WORKING DATA
◇ ◇ ◇

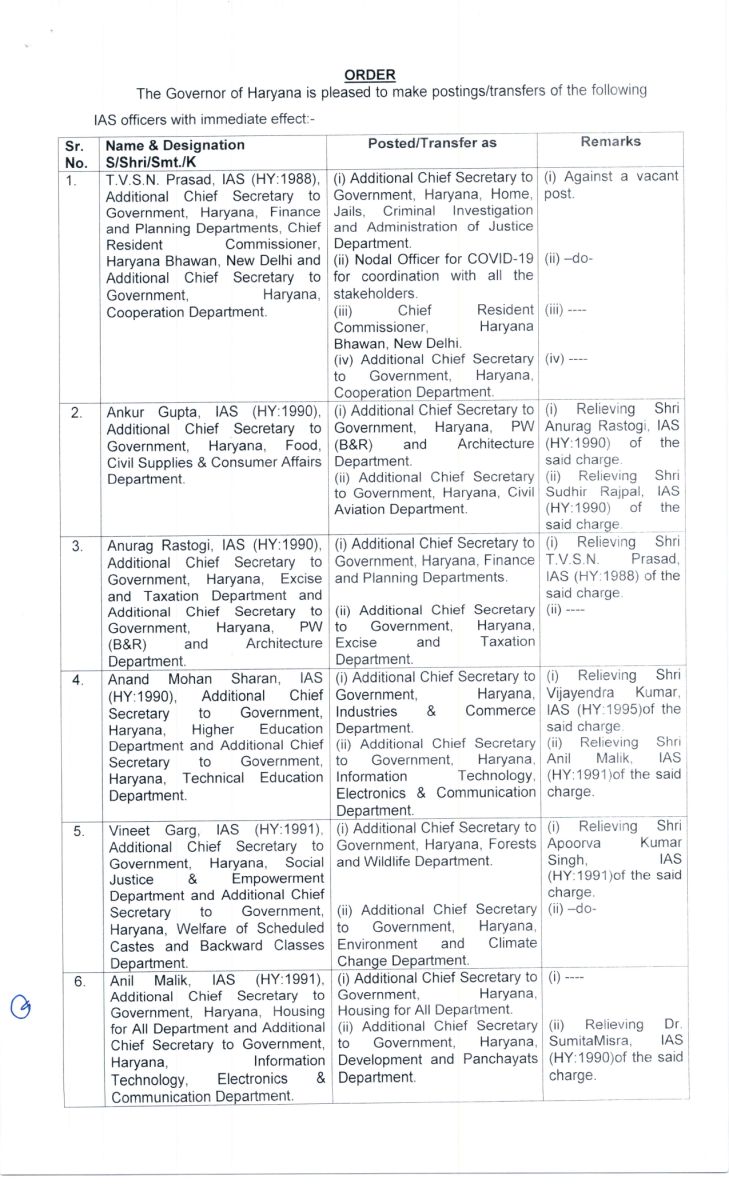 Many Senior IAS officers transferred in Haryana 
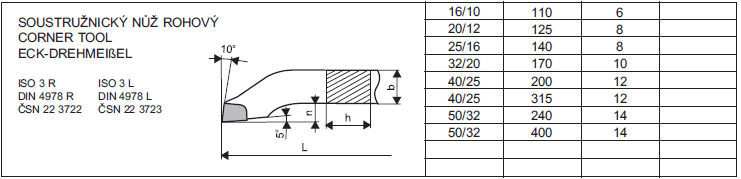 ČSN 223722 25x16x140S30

◇ ◇ ◇

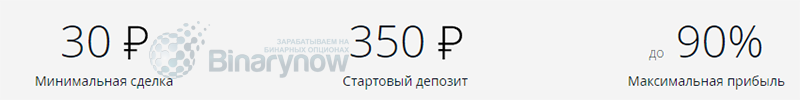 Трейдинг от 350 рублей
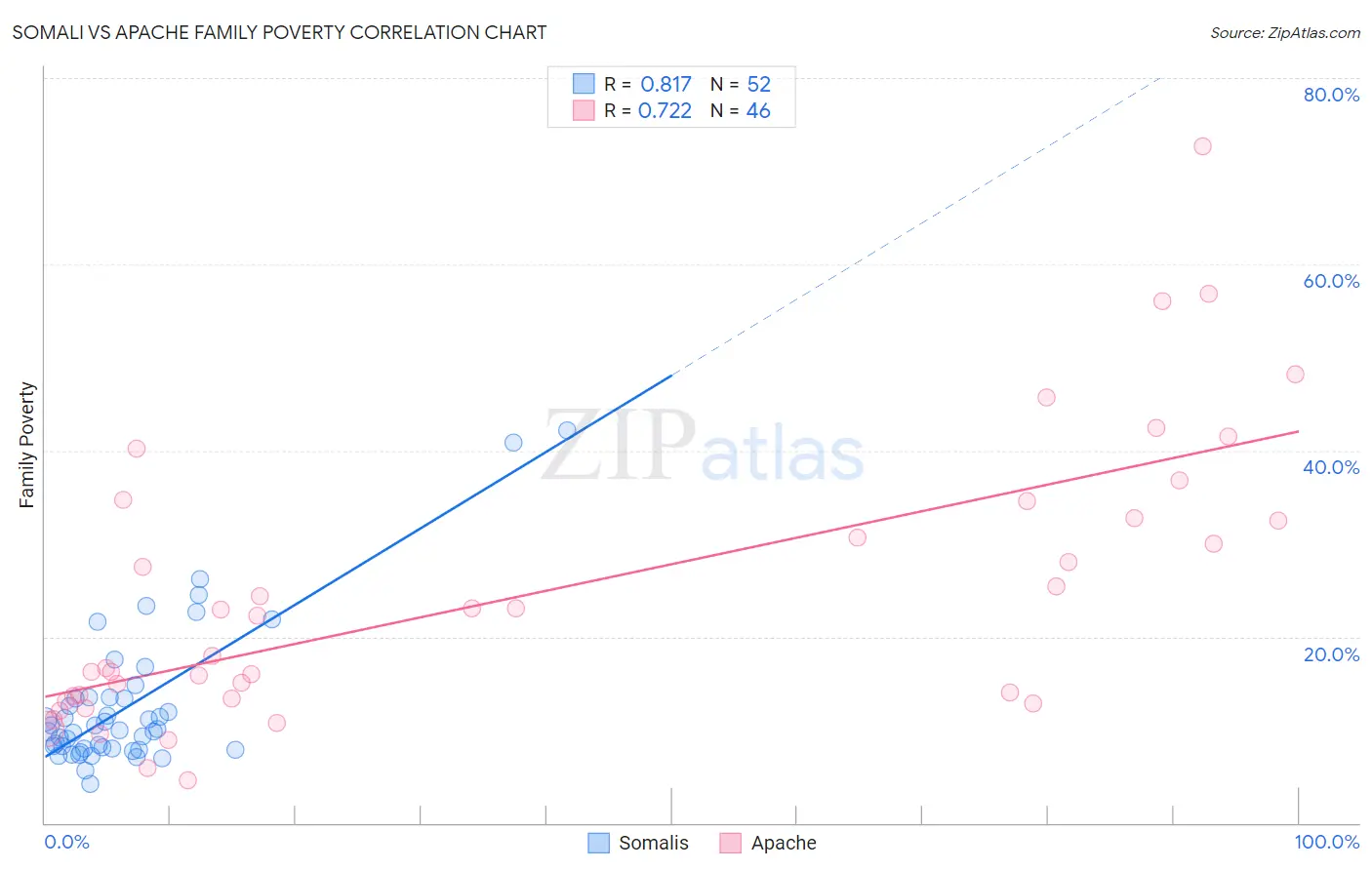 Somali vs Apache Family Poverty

◇ ◇ ◇

An exact copy is needed. It runs from the line above containing "Many Senior IAS" down to the line containing "ČSN 223722 25x16x140S30", both included, with no pictures.

 Many Senior IAS officers transferred in Haryana 
 ČSN 223722 25x16x140S30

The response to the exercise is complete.